Matsumoto T, Kobayashi S, Shimizu H, Nakajima M, Watanabe S, Kitami N, Sato N, Abe H, Aoki Y, Hoshi T, Hashimoto H
First Department of Pathology, Juntendo University, School of Medicine, Japan.
Liver. 2000 Oct;20(5):366-73. doi: 10.1034/j.1600-0676.2000.020005366.x.
AIMS/BACKGROUND: Among patients with collagen diseases, liver enzyme abnormalities are a relatively common phenomenon. To establish the liver pathology in collagen diseases, detailed pathologic studies were performed on the hepatic diseases in many patients, including various kinds of collagen diseases.
The livers from 160 patients (120 autopsy and 40 liver biopsy patients) were examined pathologically: 73 with systemic lupus erythematosus (SLE), 32 with rheumatoid arthritis (RA), 18 with polymyositis and dermatomyositis (PM and DM), 15 with systemic sclerosis (SSc), 11 with mixed connective tissue disease (MCTD) and 11 with polyarteritis nodosa (PAN).
Liver diseases were divided into three groups: hepatic arteritis, liver diseases associated with collagen diseases (primary biliary cirrhosis, PBC; autoimmune hepatitis, AIH; nodular regenerative hyperplasia of the liver, NRH) and other liver diseases. Hepatic arteritis presenting the features of the PAN type of necrotizing arteritis was found in 27 autopsy patients. The incidence of arteritis in autopsy patients was 100% in PAN and 8.3-25% in other collagen diseases. Primary biliary cirrhosis was observed in 9 patients, 7 of whom (3 with SSc, 2 with RA, 1 with PM and DM, and 1 with MCTD) had antimitochondrial antibodies (AMA)-positive PBC, and 2 SLE patients had AMA-negative PBC. Three patients (2 with SLE and 1 with MCTD) were diagnosed clinicopathologically as having AIH. However, 3 patients (1 with SLE, 1 with MCTD and 1 with PM and DM) with clinical, biochemical and serologic data indicating probable AIH were excluded from the group with AIH association because of the liver histology (no characteristic features of AIH) and clinical course. These results indicated that data without histologic assessments of the liver are not adequate for diagnosing AIH in collagen diseases. Nodular regenerative hyperplasia of the liver was observed in 7 patients (5 with SLE, 1 with SSc and 1 with PAN).

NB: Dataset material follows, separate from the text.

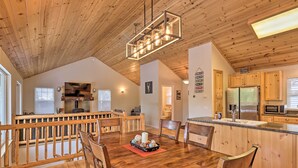A spacious dining area with wooden furniture and a central island, a kitchen with wooden cabinets and modern appliances, and a high ceiling with exposed beams. - Cold Springs Mountain Cabin: Hot Tub & Generator (Long Barn)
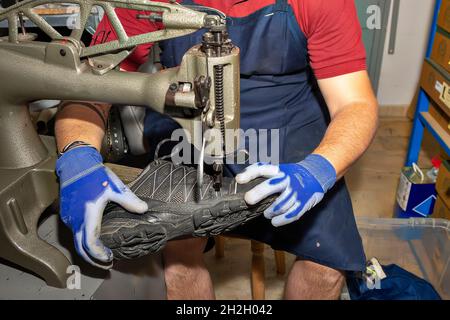 Junger Schuhmacher, der Schuhe in der Werkstatt flicken kann. Stockfoto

The present study offers data that are useful for the diagnosis and treatment of patients with collagen diseases and liver abnormalities.
目的/背景:在胶原病患者中,肝酶异常是一种相对常见的现象。为了明确胶原病中的肝脏病理情况,我们对包括各种胶原病在内的许多患者的肝脏疾病进行了详细的病理研究。

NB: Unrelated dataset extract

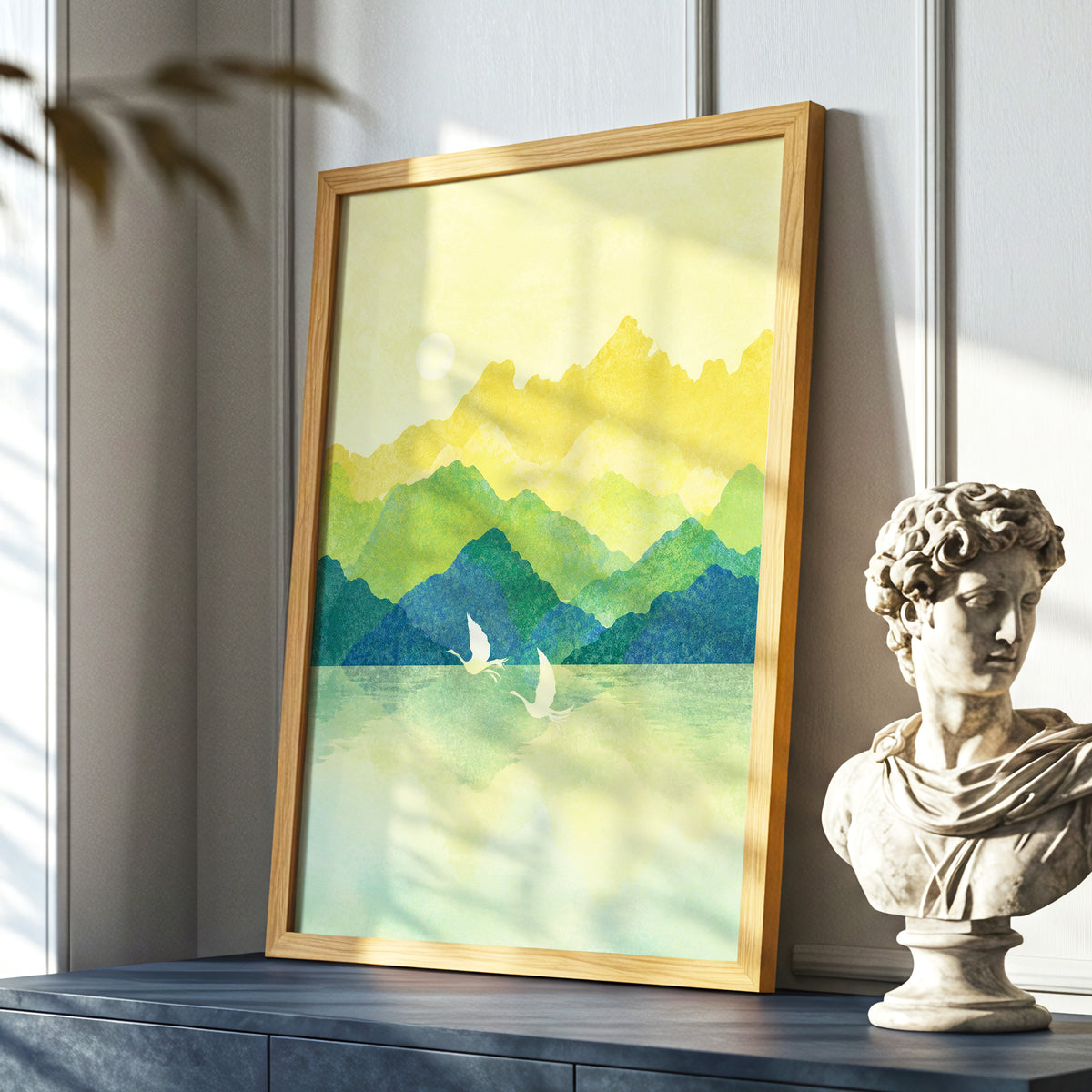 Cranes at Golden Daybreak, yellow, gold, green nature wall art displayed in a styled interior, gallery view 6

对160例患者(120例尸检患者和40例肝活检患者)的肝脏进行病理检查:73例系统性红斑狼疮(SLE)患者,32例类风湿关节炎(RA)患者,18例多发性肌炎和皮肌炎(PM和DM)患者,15例系统性硬化症(SSc)患者,11例混合性结缔组织病(MCTD)患者和11例结节性多动脉炎(PAN)患者。

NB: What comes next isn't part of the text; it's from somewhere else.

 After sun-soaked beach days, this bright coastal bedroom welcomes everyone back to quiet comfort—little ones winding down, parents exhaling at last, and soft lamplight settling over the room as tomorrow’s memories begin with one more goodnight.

肝脏疾病分为三组:肝动脉炎、与胶原病相关的肝脏疾病(原发性胆汁性肝硬化,PBC;自身免疫性肝炎,AIH;肝脏结节性再生性增生,NRH)和其他肝脏疾病。在27例尸检患者中发现了表现为PAN型坏死性动脉炎特征的肝动脉炎。尸检患者中动脉炎的发生率在PAN中为100%,在其他胶原病中为8.3 - 25%。9例患者观察到原发性胆汁性肝硬化,其中7例(3例SSc患者,2例RA患者,1例PM和DM患者,1例MCTD患者)抗线粒体抗体(AMA)阳性PBC,2例SLE患者AMA阴性PBC。3例患者(2例SLE患者和1例MCTD患者)经临床病理诊断为自身免疫性肝炎。然而,3例临床、生化和血清学数据提示可能为AIH的患者(1例SLE患者,1例MCTD患者和1例PM和DM患者)因肝脏组织学(无AIH特征性表现)和临床病程而被排除在AIH相关组之外。这些结果表明,在胶原病中,没有肝脏组织学评估的数据不足以诊断AIH。7例患者观察到肝脏结节性再生性增生(5例SLE患者,1例SSc患者和1例PAN患者)。
本研究提供了对胶原病和肝脏异常患者的诊断和治疗有用的数据。